The U.S. Attorney’s Office has declined to prosecute Officer Frederick Friday for the shooting death of David Kerstetter in early November of last year. Friday had shot and killed Kerstetter in the Logan Circle resident’s bathroom entrance. Friday, and his partner Officer Christian Glynn, had responded to the home after a report of an open door. Kerstetter suffered from a mental illness and had pleaded for the police to leave him alone. The police went in anyway to investigate. Officer Friday claimed Kerstetter came at him with a knife before he opened fire. Kerstetter was shot multiple times.

“We’ve closed it out,” wrote  Channing Phillips, spokesperson for the U.S. Attorney’s Office, an e-mail. “After a thorough review of the matter, we declined to bring charges after determining that it was a justifiable shooting.  We have since sent the matter back to MPD for whatever action it deems appropriate.”

Phillips went on to state: “There was no evidence that the officer violated the law when he used deadly force in this case.  Beyond that, I can’t comment.”

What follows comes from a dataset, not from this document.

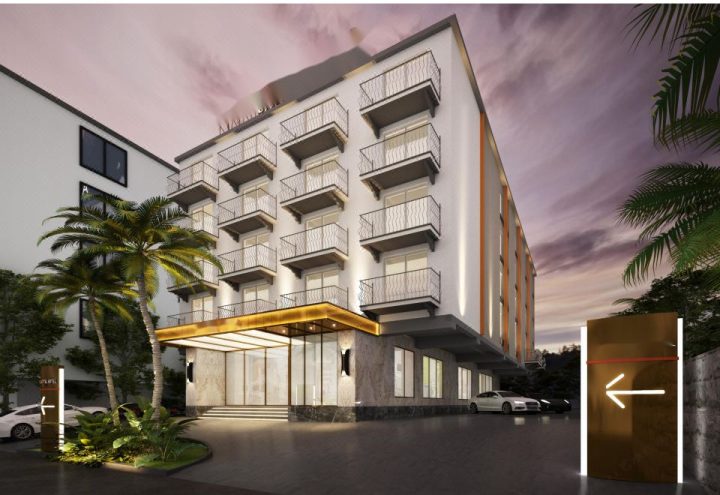 Aurea Hotel Perth Kings Park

Today, Phillips wrote another e-mail explaining further the office’s decision.

Phillips writes:

“Our decision not to file charges in this matter was the result of a thorough investigation, which included an examination of the autopsy report, all available forensic evidence, radio communications, and witness interviews.  In this tragic incident, the officers arrived at Mr. Kerstetter’s home and discovered that his door had been kicked in and that nobody was responding from the residence.  The officers worked with Mr. Kerstetter’s neighbors and attempted to contact several third parties in order to resolve the situation peacefully.  When these efforts failed, and the officers reluctantly entered his residence, Mr. Kerstetter threatened to take his own life and held a knife to his own throat.  Despite reasonable efforts to avoid taking Mr. Kerstetter’s life by repeatedly telling him to drop the knife, Mr. Kerstetter instead lunged toward the officers with the knife and ultimately left the officer who had his weapon drawn with no choice but to use deadly force to protect himself and others from death or serious bodily injury.”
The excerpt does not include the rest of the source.